= Beginning of Section =

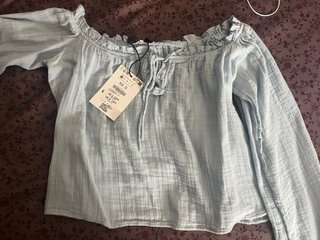 Blusa Bershka sin hombros azul Talla XS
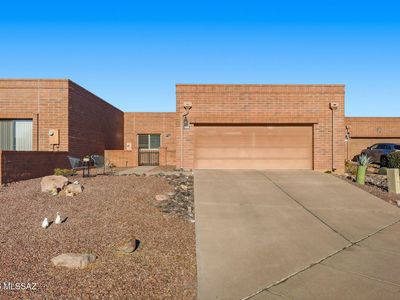 1040 W Camino Del Pato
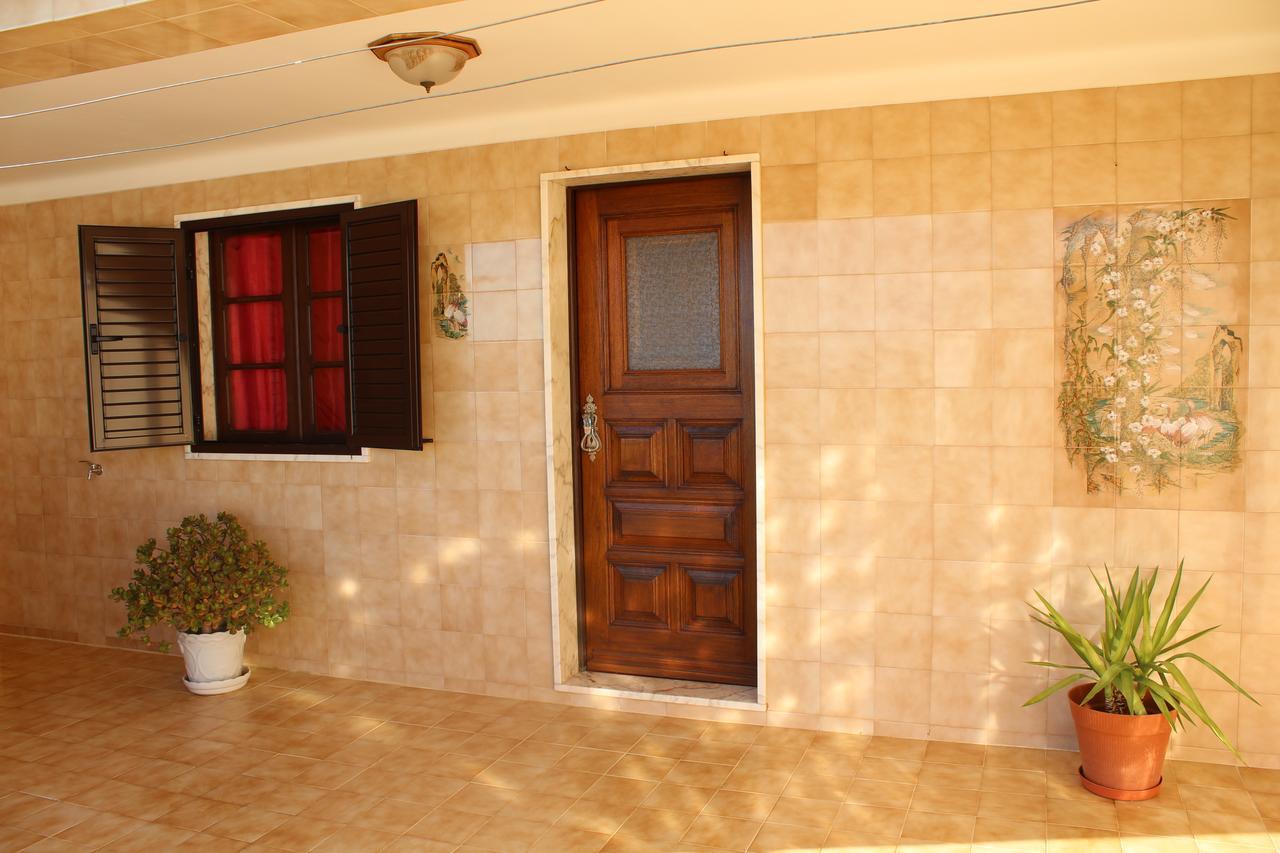Casa Da Tia Bina Apartment *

= End of Section =

What to work on:
Everything from the line containing "1040 W Camino Del Pato" through the last line of the listing above must be output exactly, except the pictures.

Response below:
 1040 W Camino Del Pato
Casa Da Tia Bina Apartment *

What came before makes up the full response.